> **ACTIVITY**
Look for the word "with" in the records, and copy each line where it appears.
SOURCE MATERIAL below:
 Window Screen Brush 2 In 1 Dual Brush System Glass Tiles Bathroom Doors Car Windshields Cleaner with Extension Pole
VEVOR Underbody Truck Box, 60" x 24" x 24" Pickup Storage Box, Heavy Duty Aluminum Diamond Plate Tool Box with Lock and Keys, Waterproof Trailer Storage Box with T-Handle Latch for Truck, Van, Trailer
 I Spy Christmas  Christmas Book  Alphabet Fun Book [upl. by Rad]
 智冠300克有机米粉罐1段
End of SOURCE MATERIAL.
SOURCE MATERIAL below:
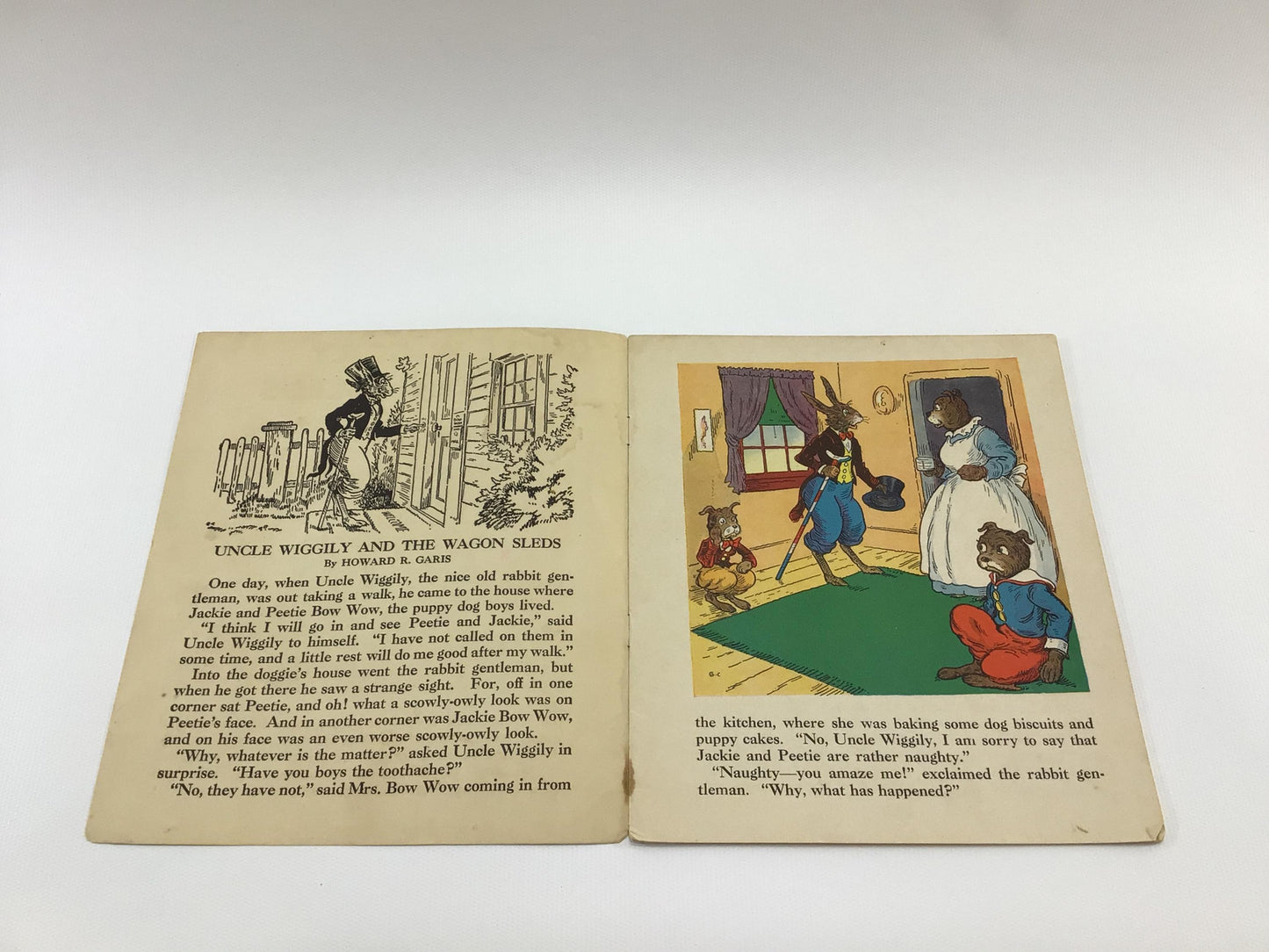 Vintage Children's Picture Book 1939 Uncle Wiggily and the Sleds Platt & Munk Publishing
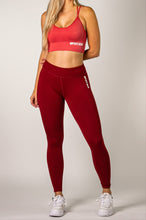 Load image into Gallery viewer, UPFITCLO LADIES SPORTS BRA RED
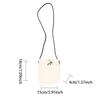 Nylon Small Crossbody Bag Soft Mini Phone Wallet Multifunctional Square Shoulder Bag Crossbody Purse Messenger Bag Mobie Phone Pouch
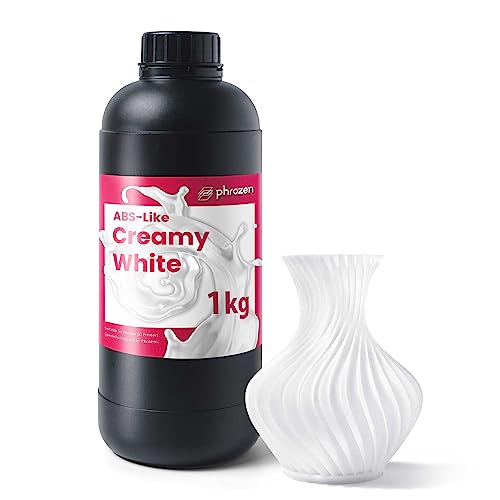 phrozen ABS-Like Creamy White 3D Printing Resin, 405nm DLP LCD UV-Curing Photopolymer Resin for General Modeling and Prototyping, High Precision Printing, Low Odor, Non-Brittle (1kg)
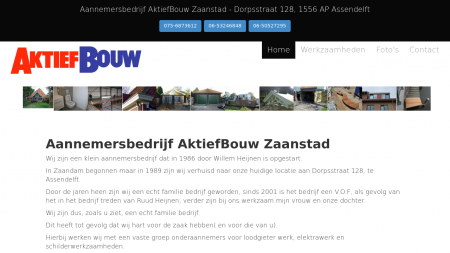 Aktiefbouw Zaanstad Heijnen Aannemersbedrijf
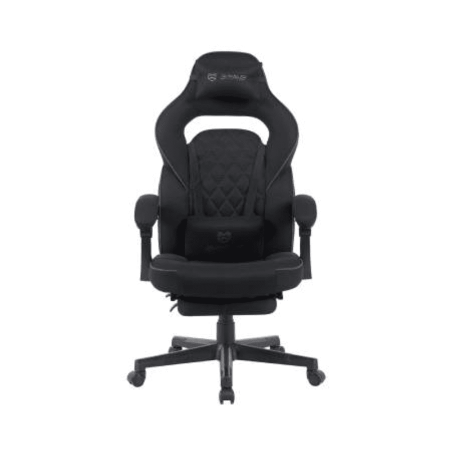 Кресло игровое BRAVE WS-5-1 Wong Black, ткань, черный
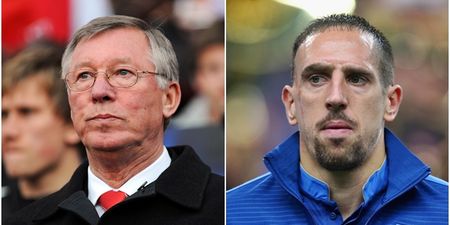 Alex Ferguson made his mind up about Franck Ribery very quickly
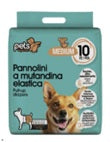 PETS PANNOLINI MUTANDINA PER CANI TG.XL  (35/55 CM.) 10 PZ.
End of SOURCE MATERIAL.
SOURCE MATERIAL below:
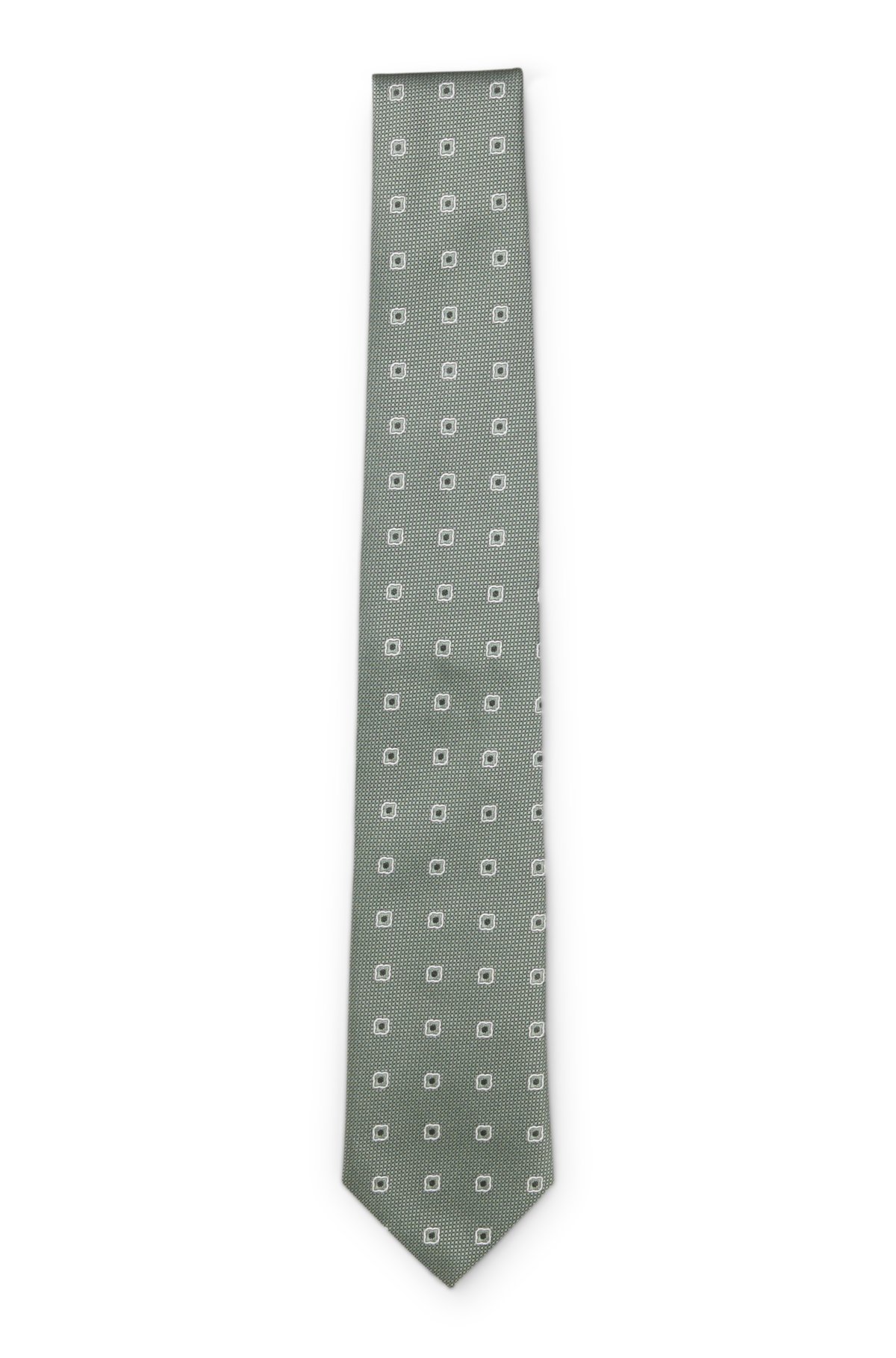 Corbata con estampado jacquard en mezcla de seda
End of SOURCE MATERIAL.
> **REPLY**
 Window Screen Brush 2 In 1 Dual Brush System Glass Tiles Bathroom Doors Car Windshields Cleaner with Extension Pole
VEVOR Underbody Truck Box, 60" x 24" x 24" Pickup Storage Box, Heavy Duty Aluminum Diamond Plate Tool Box with Lock and Keys, Waterproof Trailer Storage Box with T-Handle Latch for Truck, Van, Trailer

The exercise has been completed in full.